# 2005 Kawasaki 360?



## ghsnow (Oct 6, 2009)

Anyone have any input on how these do plowing sidewalks?


----------



## deere615 (Jun 1, 2007)

I had an 03 that did great they have alot of torque now I have an 07 and it will be plowing this year


----------



## EaTmYtAiLpIpEs (Aug 23, 2007)

yep and i was gonna tell ya to ask deere he would know lol


----------



## Reb (Feb 8, 2008)

I have no idea on sidewalks due to the fact there are no sidewalks in my area but I have a 2003 P360 that I bought new. It has a 60" CC blade with the CC down pressure system and a 2.5 Warn winch for operating it. I have always been impressed with the amount of snow that machine will push.

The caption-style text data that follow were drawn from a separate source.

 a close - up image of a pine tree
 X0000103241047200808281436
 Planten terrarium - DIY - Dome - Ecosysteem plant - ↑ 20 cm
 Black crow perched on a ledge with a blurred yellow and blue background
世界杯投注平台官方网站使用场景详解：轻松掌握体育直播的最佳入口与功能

The P360 is my go to machine even though I have a Traxter setup with a 60" blade and down pressure system and I also have a tractor with front loader and rear snowblower. The P360 is faster and easier to handle.

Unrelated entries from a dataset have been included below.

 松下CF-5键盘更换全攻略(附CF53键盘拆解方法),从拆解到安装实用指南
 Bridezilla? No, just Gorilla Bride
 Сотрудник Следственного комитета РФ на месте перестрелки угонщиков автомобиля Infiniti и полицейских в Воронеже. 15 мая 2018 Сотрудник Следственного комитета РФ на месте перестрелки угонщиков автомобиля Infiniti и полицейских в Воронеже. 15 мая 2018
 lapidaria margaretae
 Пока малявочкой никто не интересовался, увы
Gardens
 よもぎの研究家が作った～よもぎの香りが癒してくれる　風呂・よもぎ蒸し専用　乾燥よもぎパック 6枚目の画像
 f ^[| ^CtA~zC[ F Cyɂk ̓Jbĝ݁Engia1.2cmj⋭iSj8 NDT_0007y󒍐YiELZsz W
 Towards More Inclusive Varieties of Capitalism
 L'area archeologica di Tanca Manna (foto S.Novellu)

With all that said though, once the snow gets 12" to 14" deep then I go to the heavier machines.


----------



## SuperdutyShane (Mar 6, 2009)

The Prairie 360 is a very good machine. I used it on a little bit of sidewalks around here, and it does a very good job. I had a 48'' Warn blade.


----------



## Louiso (Feb 10, 2010)

yeah i dont do side walks but i do driveways and they can push a ton. i have tried just to see if the blade fits tho. mine doesnt fit unless i angle it and then it fits perfect!!!


----------



## deere615 (Jun 1, 2007)

Just figured I would update as I plowed 2ft of snow on a few walks this past storm with mine, it did pretty good would have did betetr with good tires and wieght but I just kept punching through and making multiple passes and finally got them clean


----------